Castleton State College students feel targeted by local police, the flashing blue lights haunting them everywhere they go.
The number of diversion tickets being processed through the Rutland County Court system, with a majority coming from Castleton, indicates they may be right.
“In the Fiscal year of 2013, between July 1, 2012 to June 30, 2013, we processed 372 underage drinking civil tickets and that’s only 80 percent of tickets actually given,” said Rick Bjorn, the executive director of Rutland Court Diversion Office.
That’s only eight tickets fewer than those handed out in Chittenden County in a year in a half, seven months longer. Chittenden County is the home to not only the largest college in the state, the University of Vermont, but also St. Michaels College and Champlain College.
“I feel like the cops around here are just way over the top,” said student Carole Frey.
Frey claims that one night she was hanging out with a few friends before leaving the next day to study abroad when suddenly multiple police officers showed up.
“It wasn’t even a party, I don’t know why they showed up. We were just hanging out,” said Frey.
Frey said she was on the couch when she heard the doors burst open. People scattered to escape, but Frey was not so lucky. Despite having only one drink the entire night, Frey was issued a diversion without being breath tested.
“Two of my friends got arrested and he didn’t even breathalize us. I wish he had, because I don’t think I would have blown anything,” said Frey.
Several students shared similar stories. But are police targeting students, or are they simply doing their job?
“We receive underage drinking tickets from most towns throughout Rutland County, but we do receive more from Castleton than any other town,” Bjorn said, adding that those tickets bring in about $46,000 a year.
When asked about these statistics, Castleton Chief of Police, Bruce Sherwin did not seem surprised.
“Burlington is a metropolitan area, they have UVM, Saint Mikes, Champlain and other colleges up there so if you look at those numbers and the percentage of tickets given per population, that definitely puts Castleton right up there,” said Sherwin.
“The Castleton police department alone, from January of last year to December issued 94 underage drinking tickets,” said Sherwin, adding that Fair Haven and State Police also give out diversions in the town.
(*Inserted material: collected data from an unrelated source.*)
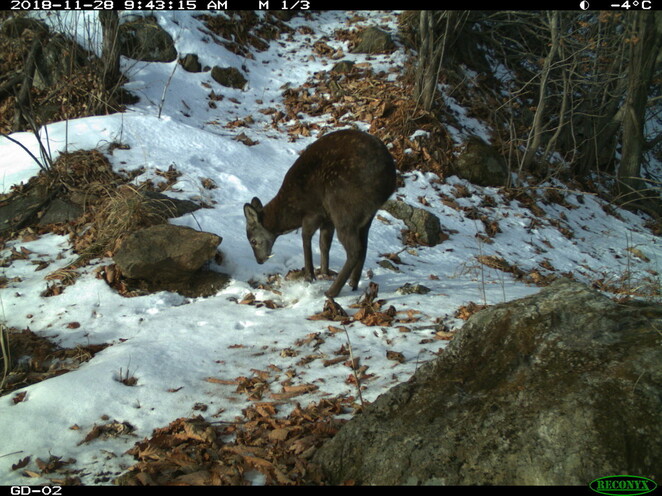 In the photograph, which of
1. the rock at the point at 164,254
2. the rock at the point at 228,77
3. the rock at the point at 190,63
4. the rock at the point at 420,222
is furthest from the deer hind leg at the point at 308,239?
the rock at the point at 190,63

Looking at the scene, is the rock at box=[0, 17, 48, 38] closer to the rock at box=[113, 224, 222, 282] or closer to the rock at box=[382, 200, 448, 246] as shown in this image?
the rock at box=[113, 224, 222, 282]

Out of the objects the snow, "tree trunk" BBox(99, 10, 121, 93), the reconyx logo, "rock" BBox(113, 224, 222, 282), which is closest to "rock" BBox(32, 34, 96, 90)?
"tree trunk" BBox(99, 10, 121, 93)

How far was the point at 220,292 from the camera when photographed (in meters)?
5.57

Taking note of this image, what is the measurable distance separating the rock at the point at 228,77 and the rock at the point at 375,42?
3534 mm

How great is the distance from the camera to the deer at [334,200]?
5.05 meters

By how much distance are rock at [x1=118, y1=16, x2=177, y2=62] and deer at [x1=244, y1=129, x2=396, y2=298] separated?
777 centimetres

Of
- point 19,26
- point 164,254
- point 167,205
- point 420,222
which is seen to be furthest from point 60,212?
point 19,26

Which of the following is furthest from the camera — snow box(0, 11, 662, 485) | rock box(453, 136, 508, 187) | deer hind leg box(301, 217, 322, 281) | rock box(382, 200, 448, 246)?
rock box(453, 136, 508, 187)

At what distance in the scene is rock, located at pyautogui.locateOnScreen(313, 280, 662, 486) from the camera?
1.83m

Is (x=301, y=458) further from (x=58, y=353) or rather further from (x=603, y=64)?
(x=603, y=64)


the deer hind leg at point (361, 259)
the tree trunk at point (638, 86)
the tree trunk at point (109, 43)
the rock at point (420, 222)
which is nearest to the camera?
the deer hind leg at point (361, 259)

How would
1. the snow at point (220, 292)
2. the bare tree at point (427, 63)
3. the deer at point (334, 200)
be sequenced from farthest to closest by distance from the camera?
the bare tree at point (427, 63)
the deer at point (334, 200)
the snow at point (220, 292)

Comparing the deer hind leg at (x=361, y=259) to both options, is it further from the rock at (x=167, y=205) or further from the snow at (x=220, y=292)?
the rock at (x=167, y=205)

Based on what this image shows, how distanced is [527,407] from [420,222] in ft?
18.9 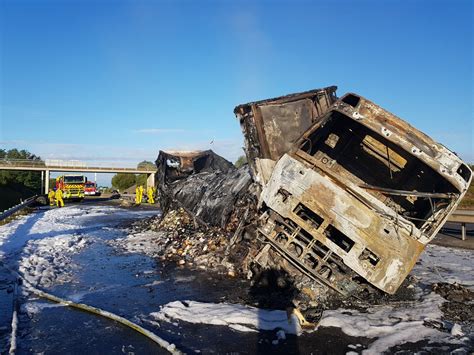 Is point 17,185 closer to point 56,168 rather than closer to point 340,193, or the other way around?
point 56,168

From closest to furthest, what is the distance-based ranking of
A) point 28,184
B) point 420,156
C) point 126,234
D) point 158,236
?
point 420,156 → point 158,236 → point 126,234 → point 28,184

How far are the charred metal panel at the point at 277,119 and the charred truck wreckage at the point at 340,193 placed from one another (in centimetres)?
2

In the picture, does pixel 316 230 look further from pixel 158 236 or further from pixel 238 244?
pixel 158 236

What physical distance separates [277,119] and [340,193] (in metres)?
2.37

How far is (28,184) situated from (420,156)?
59746 millimetres

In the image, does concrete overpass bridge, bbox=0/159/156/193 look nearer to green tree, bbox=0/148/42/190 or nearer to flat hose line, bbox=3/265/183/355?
green tree, bbox=0/148/42/190

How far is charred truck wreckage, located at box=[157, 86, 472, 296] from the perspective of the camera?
4832 mm

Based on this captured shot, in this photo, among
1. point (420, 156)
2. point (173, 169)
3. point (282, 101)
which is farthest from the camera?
point (173, 169)

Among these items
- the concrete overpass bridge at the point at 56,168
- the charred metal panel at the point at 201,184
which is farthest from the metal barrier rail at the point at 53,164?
the charred metal panel at the point at 201,184

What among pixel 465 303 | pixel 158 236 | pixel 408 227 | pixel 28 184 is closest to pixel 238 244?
pixel 408 227

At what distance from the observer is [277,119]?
694 cm

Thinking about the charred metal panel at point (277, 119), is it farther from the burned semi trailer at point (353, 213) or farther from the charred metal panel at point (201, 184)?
the charred metal panel at point (201, 184)

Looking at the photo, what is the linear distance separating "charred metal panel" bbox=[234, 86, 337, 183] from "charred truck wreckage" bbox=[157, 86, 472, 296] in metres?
0.02

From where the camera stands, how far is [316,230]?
205 inches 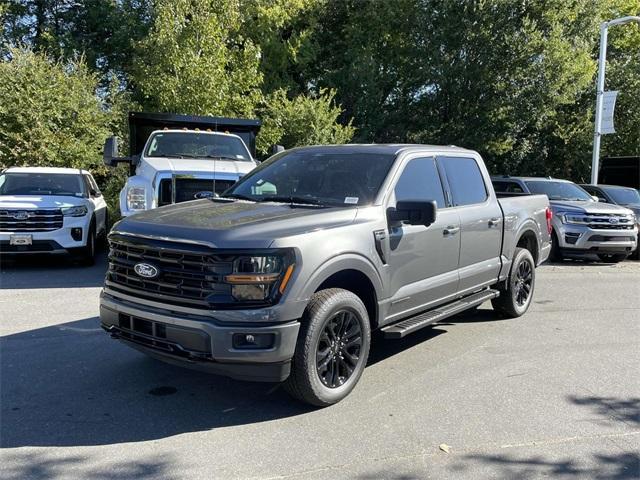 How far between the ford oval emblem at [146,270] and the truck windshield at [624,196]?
13.4 meters

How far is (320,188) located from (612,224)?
30.3 feet

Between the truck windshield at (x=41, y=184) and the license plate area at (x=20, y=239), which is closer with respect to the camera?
the license plate area at (x=20, y=239)

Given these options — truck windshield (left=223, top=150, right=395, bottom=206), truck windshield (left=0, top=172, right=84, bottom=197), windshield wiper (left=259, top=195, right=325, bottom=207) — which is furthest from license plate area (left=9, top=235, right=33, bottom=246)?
windshield wiper (left=259, top=195, right=325, bottom=207)

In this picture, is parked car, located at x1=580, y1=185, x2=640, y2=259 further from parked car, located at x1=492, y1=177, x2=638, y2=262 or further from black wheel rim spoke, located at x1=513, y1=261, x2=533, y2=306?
black wheel rim spoke, located at x1=513, y1=261, x2=533, y2=306

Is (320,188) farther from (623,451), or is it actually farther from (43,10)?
(43,10)

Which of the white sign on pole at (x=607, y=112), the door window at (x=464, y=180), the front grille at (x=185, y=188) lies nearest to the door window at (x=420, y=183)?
the door window at (x=464, y=180)

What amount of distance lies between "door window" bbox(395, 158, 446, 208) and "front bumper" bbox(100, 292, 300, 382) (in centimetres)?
182

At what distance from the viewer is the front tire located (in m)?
3.96

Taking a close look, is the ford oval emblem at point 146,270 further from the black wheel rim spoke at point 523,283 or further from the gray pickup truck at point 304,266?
the black wheel rim spoke at point 523,283

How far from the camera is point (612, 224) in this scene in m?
11.9

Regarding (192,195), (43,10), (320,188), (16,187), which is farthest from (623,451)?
(43,10)

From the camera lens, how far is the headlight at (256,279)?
3762 millimetres

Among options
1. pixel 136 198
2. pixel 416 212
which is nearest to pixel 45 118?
pixel 136 198

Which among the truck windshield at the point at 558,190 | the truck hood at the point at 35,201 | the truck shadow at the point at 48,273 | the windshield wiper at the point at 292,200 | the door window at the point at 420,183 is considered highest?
the door window at the point at 420,183
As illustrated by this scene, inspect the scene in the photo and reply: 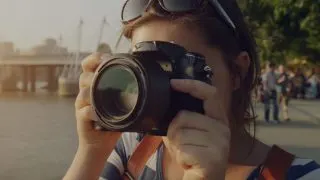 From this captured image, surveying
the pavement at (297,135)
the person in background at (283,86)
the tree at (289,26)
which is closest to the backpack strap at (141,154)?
the pavement at (297,135)

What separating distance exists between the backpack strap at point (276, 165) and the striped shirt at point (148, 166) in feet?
0.05

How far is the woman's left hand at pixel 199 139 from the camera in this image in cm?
148

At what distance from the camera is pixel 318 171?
159cm

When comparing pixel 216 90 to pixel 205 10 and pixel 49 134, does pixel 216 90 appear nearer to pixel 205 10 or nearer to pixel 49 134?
A: pixel 205 10

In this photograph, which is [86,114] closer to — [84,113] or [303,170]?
[84,113]

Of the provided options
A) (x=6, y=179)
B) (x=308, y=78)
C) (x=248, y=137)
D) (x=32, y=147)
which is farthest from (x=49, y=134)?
(x=308, y=78)

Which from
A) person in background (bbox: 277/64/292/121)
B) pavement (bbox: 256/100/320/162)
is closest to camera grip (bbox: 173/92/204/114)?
pavement (bbox: 256/100/320/162)

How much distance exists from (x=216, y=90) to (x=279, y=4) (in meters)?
24.3

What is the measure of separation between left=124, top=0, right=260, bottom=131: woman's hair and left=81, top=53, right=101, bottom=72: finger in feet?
0.41

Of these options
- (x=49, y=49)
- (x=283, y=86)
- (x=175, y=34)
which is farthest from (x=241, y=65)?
(x=49, y=49)

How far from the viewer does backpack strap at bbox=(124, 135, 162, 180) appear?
66.8 inches

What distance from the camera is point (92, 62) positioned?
1.62m

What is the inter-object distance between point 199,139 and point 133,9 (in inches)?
16.1

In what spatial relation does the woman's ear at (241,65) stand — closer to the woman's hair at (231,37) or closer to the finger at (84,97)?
the woman's hair at (231,37) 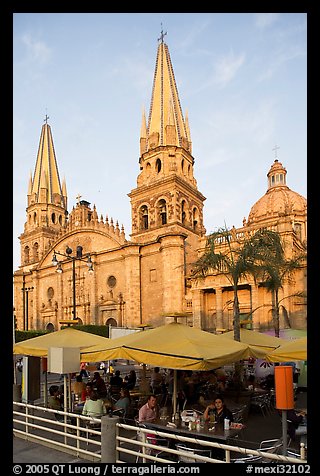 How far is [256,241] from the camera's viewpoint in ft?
56.6

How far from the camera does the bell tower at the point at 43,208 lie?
53750 millimetres

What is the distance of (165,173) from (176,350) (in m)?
32.5

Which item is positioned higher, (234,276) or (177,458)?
(234,276)

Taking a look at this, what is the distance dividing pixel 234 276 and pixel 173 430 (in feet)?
32.8

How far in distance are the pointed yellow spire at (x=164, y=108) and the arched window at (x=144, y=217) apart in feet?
21.1

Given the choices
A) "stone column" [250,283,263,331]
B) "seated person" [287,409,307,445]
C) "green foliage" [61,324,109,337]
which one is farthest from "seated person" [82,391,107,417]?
"green foliage" [61,324,109,337]

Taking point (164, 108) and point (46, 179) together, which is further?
point (46, 179)

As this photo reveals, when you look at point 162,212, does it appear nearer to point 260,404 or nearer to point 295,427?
point 260,404

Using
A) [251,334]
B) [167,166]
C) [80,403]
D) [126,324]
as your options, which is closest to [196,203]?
[167,166]

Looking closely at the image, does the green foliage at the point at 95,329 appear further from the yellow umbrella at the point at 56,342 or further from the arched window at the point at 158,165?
the yellow umbrella at the point at 56,342

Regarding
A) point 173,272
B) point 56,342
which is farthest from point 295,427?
point 173,272

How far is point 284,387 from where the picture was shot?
19.6 feet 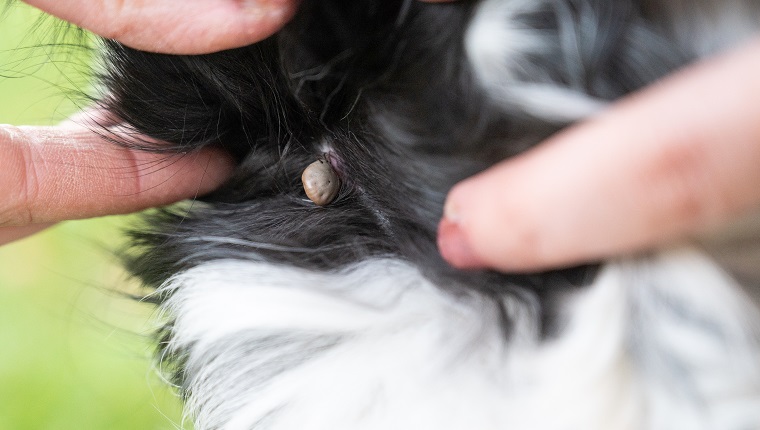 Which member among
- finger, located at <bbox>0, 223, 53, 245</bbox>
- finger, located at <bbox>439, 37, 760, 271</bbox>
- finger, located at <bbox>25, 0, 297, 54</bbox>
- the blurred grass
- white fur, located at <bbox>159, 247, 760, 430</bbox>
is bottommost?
the blurred grass

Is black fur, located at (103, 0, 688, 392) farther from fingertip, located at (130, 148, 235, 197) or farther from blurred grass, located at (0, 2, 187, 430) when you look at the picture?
blurred grass, located at (0, 2, 187, 430)

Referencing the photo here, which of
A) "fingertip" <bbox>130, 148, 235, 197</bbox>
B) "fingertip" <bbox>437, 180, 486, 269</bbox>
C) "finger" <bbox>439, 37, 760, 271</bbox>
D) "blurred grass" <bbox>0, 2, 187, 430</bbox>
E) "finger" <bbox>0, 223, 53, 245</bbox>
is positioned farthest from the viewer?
"blurred grass" <bbox>0, 2, 187, 430</bbox>

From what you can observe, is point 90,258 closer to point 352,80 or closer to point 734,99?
point 352,80

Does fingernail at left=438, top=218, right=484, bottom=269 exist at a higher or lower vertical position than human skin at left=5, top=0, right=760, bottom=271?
lower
In a survey of 50 students, 40 of 50 said they wished the police would ease up and give warnings occasionally.
“I think the Castleton cops should not assume the worst and understand that many of us do respect them as long as they respect us. We shouldn’t be targeted like this,” said Jessica Perkins.
Perkins and her housemate got into trouble with the Castleton Police last year.
“It was just eight of us at our house having a few beers when all of a sudden we saw flashing lights outside our house,” said Jaclyn Countryman, one of Perkins’ housemates.
The eight had just returned from the porch to come inside and hang out in the living room.
“They came out of no where, there was three or four cop cars outside and they began banging on our doors and flashing their flashlights in our windows,” said Countryman.
She ran upstairs and hid in her room.
“They even brought the liquor inspector and he kept demanding to let him inside,” said Countryman.
Perkins and Countryman later found out that their neighbors called the police because someone knocked on their windows and for noise complaints.
“If they got called for a noise complaint, that could have been anyone outside, why did their have to be three cop cars and a liquor inspector outside our house? I don’t get it,” continued Countryman.
Perkins and Countryman are still upset about the whole thing.
“I believe that we at least deserve warnings first and not tickets right away unless we are seriously hurting ourselves or others” said Perkins.
The Castleton Police Department, however, does not believe warnings are necessary.
“I understand this is a college town, but the incentive is, if you’re underage wyou just don’t drink. With a zero tolerance policy, which I believe we have to have in this town. If you’re underage and you’ve been drinking, you will get a ticket and that’s that,” said Sherwin.
Many Castleton students believe that students at other schools, even very large schools, have a better relationship with the police and they are envious of that.
“I think its really cool how the police in Burlington mix with the students there and understand that it’s a college area. Even though there are rules the students have to follow, there is still mutual respect and understanding from both ends,” said Owen Hartman, a student at Castleton.
Michael Schirling, chief of police in Burlington, takes a bit of a different approach than Sherwin.
“We tend to see more movement in the beginning of each semester. If there’s a bunch of people in a group we will most likely slow down and remind the students to be mindful of noise complaints, but we won’t usually detain someone unless we see an open container or acts of disturbance,” said Schirling.
But students say Castleton police often stop students who have no open containers.
“We look for open containers, if a student is walking around late at night or stumbling around,” said Sherwin.
So will Castleton students and police ever see eye to eye and feel mutually respected by one another or will students continue to think the police are a source of fear rather than a source of safety?
“Don’t you think I would want to have a relationship with the students here? Sherwin asked. “Of course I do. If you have a good relationship with us, you’re not going to be feeling like you’re targeted. You will be able to walk down the street and wave and won’t check to see if all five fingers are there,” said Sherwin.
“Plus it’s a lot less paperwork to do.”